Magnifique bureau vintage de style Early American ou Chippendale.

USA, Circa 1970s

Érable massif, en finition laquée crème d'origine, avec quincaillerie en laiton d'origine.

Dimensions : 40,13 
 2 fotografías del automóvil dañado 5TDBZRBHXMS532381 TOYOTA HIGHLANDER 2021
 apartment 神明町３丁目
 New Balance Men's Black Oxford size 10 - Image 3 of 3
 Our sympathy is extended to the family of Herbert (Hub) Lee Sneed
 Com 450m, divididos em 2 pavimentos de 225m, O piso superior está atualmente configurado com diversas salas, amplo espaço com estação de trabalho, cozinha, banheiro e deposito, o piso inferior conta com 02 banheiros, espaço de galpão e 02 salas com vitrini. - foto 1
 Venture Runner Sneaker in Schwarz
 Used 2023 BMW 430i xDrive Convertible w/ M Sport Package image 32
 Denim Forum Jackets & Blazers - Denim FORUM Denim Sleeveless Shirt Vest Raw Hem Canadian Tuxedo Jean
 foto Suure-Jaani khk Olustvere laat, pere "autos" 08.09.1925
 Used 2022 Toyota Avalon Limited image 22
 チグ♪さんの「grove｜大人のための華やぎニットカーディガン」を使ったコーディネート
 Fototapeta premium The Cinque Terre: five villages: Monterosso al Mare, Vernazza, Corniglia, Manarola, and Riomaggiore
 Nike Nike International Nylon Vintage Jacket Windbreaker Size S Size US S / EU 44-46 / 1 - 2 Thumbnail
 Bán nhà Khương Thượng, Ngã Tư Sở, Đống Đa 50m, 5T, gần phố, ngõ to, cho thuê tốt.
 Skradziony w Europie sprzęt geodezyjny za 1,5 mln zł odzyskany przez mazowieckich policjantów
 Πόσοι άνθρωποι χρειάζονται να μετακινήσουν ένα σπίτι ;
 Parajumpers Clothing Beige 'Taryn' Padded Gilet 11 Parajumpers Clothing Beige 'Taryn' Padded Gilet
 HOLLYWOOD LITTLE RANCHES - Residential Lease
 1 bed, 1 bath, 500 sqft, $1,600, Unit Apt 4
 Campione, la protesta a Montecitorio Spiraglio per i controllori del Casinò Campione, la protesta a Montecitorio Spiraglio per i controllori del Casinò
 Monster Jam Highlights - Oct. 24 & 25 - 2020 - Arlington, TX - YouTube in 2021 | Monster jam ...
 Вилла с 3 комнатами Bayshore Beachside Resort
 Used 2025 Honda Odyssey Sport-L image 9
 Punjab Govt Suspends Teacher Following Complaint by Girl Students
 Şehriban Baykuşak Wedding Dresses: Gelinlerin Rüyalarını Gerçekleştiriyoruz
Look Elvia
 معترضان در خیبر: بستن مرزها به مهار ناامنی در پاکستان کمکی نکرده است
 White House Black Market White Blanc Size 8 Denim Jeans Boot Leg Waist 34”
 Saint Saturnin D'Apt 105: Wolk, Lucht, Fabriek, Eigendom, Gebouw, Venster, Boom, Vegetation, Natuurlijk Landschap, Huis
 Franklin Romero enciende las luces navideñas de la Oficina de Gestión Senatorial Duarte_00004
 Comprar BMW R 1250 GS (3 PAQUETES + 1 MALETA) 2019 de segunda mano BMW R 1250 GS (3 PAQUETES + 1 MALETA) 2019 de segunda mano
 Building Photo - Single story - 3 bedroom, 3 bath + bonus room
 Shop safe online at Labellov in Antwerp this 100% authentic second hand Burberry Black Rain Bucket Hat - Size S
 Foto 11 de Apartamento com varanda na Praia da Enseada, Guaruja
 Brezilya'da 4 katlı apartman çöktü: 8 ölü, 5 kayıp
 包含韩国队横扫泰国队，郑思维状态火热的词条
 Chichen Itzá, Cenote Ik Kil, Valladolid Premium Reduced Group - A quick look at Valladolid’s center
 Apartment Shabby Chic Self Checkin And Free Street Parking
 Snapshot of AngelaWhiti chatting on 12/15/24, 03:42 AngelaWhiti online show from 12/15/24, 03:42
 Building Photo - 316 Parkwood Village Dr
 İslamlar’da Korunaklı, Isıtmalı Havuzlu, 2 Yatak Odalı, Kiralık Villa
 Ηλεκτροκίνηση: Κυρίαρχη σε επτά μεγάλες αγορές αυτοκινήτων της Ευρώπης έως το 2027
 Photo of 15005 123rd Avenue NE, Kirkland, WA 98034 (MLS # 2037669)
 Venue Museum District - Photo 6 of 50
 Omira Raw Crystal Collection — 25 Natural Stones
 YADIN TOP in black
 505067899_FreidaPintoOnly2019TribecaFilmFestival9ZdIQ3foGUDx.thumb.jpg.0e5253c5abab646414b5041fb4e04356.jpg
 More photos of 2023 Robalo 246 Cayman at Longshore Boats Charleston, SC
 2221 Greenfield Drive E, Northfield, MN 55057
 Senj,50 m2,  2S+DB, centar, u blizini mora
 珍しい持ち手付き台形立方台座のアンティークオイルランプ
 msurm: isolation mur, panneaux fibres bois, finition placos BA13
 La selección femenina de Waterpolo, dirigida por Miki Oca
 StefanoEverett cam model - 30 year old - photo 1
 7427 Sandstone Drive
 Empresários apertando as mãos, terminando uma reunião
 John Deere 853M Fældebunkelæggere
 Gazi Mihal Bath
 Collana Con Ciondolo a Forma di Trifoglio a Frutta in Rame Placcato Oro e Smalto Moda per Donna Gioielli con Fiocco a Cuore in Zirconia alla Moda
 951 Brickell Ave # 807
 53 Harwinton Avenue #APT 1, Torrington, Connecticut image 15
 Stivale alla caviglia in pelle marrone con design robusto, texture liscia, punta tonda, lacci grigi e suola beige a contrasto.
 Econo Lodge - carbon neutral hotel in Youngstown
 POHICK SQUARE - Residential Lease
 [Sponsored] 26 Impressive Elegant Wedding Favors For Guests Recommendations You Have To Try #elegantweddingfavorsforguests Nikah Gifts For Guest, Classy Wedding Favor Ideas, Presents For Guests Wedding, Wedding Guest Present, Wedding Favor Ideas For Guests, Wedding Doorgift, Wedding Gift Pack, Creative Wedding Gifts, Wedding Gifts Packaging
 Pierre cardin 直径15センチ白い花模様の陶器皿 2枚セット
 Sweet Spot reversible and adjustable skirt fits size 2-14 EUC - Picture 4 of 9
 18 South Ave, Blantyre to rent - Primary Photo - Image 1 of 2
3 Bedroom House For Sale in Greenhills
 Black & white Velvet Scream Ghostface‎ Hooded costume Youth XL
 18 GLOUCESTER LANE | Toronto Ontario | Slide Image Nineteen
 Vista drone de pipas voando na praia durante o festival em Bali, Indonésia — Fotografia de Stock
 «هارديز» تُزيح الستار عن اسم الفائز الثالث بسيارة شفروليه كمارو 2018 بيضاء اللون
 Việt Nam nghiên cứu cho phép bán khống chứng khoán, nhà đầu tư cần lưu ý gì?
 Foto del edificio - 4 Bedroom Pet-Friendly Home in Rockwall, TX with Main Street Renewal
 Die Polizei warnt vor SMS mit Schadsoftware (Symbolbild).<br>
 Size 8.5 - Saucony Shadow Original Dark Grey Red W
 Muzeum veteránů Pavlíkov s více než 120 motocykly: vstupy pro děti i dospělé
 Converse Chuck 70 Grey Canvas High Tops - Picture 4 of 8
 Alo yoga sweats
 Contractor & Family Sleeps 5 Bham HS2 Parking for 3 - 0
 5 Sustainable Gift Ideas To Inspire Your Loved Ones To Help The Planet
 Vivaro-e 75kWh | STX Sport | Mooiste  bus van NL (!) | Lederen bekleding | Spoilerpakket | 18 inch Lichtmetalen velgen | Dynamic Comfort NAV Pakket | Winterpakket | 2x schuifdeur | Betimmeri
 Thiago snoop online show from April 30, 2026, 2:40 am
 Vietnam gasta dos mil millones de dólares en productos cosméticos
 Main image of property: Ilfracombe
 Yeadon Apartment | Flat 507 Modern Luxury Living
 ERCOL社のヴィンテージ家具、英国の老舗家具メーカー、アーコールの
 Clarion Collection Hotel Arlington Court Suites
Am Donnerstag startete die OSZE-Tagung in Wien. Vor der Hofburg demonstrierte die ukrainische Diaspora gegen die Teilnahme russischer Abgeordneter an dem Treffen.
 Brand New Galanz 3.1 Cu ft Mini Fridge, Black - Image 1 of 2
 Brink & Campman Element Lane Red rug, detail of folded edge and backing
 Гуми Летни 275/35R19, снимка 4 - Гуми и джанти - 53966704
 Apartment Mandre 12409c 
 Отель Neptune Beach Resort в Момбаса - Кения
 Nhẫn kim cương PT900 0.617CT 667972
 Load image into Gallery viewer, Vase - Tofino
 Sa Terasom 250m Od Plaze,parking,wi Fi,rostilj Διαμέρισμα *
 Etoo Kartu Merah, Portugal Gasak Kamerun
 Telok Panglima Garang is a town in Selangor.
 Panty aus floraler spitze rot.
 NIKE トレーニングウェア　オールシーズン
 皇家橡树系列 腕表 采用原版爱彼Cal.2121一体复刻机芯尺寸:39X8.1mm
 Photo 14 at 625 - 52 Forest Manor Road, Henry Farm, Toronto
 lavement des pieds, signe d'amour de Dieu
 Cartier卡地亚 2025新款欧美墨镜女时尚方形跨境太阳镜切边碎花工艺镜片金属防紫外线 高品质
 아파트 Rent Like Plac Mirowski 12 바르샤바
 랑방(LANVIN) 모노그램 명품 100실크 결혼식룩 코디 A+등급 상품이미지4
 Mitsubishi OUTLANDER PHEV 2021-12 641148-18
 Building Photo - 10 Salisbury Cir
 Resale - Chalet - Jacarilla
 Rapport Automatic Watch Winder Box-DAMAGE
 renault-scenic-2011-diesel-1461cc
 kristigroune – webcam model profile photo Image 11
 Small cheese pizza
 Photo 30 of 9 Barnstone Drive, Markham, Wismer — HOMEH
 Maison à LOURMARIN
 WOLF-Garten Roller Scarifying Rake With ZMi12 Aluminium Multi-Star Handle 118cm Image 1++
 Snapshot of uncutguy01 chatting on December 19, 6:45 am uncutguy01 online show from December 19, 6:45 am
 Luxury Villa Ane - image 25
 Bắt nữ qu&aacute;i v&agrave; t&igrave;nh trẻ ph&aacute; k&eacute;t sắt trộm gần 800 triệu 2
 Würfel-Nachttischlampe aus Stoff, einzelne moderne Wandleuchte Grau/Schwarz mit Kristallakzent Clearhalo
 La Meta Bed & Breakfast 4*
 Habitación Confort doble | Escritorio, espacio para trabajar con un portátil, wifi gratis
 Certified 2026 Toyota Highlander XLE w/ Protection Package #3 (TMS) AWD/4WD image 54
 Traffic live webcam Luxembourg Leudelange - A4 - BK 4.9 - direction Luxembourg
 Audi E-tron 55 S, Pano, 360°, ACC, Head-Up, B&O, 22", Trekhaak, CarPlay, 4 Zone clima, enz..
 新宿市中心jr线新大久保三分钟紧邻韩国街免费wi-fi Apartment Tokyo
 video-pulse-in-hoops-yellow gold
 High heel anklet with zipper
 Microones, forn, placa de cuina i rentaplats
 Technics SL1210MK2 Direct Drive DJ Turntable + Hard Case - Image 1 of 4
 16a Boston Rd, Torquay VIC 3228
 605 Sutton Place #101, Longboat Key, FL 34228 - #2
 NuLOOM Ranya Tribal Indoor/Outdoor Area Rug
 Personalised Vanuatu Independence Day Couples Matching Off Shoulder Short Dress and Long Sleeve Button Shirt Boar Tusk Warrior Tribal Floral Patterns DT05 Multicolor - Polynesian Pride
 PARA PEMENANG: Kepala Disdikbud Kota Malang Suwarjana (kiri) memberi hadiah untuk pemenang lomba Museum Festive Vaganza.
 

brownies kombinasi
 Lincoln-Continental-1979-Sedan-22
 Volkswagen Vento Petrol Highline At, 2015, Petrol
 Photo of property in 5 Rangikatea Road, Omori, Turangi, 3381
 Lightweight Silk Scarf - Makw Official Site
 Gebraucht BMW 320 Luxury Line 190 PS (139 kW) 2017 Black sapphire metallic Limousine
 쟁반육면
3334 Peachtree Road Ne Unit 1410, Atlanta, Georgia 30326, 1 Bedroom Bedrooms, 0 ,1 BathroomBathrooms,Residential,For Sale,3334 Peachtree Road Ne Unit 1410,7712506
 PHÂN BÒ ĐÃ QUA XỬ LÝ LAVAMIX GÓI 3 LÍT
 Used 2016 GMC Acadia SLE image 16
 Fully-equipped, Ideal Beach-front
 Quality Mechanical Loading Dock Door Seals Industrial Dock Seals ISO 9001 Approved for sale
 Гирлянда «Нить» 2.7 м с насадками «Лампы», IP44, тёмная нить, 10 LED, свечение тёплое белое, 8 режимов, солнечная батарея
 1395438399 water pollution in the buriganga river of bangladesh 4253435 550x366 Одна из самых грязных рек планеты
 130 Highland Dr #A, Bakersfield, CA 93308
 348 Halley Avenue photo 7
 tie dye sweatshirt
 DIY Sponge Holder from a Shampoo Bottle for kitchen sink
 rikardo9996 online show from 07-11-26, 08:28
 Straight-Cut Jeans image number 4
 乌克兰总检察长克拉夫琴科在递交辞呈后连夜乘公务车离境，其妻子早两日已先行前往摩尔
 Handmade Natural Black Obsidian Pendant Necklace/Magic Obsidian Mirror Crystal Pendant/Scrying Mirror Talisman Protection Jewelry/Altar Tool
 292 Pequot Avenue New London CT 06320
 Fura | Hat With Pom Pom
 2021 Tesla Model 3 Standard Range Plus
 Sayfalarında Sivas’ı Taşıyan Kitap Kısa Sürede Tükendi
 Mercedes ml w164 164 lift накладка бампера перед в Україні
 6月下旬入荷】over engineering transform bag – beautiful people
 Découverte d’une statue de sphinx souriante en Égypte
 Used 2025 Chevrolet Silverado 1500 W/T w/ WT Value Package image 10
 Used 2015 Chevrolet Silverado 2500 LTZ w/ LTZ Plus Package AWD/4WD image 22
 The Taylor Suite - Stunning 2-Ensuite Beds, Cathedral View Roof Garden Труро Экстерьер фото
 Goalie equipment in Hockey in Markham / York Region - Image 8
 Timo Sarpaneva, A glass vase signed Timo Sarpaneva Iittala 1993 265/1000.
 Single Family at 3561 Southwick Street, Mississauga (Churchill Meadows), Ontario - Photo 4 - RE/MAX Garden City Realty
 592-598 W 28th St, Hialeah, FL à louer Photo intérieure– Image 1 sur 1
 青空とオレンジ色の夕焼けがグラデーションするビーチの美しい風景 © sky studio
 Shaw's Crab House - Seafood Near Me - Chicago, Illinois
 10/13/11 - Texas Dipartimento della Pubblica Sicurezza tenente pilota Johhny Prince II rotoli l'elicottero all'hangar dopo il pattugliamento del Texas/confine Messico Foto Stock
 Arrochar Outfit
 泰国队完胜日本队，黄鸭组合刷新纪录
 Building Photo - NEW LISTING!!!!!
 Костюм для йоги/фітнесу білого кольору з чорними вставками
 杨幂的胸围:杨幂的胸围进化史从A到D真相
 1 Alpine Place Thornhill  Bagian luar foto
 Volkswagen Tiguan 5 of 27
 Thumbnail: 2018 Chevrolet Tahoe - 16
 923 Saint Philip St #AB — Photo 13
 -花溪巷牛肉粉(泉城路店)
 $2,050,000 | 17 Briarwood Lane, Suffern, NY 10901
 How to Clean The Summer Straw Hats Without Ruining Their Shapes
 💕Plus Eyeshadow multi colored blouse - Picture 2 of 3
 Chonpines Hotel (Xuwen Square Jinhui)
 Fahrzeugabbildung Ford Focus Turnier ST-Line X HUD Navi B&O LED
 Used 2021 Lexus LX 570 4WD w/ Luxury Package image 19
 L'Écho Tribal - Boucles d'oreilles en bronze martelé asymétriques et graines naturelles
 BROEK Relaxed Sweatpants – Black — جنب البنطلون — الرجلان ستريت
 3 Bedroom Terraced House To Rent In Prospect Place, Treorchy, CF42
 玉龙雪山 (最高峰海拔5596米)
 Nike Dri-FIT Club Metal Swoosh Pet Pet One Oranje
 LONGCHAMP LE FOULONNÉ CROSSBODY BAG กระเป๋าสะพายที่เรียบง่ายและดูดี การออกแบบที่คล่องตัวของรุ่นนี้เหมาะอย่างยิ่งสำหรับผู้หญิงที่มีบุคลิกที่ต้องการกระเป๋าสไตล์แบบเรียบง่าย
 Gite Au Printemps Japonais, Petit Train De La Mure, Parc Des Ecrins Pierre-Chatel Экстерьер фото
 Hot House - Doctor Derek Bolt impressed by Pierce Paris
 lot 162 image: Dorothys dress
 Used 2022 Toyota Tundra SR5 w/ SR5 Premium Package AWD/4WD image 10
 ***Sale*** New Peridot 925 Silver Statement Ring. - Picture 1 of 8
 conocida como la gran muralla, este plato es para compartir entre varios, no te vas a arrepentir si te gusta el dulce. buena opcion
◇ ◇ ◇ ◇ ◇
WORK TASK – Out of the entries, pull every line that mentions "Picture".

PROBLEM SOLUTION –
 Sweet Spot reversible and adjustable skirt fits size 2-14 EUC - Picture 4 of 9
 Converse Chuck 70 Grey Canvas High Tops - Picture 4 of 8
 💕Plus Eyeshadow multi colored blouse - Picture 2 of 3
 ***Sale*** New Peridot 925 Silver Statement Ring. - Picture 1 of 8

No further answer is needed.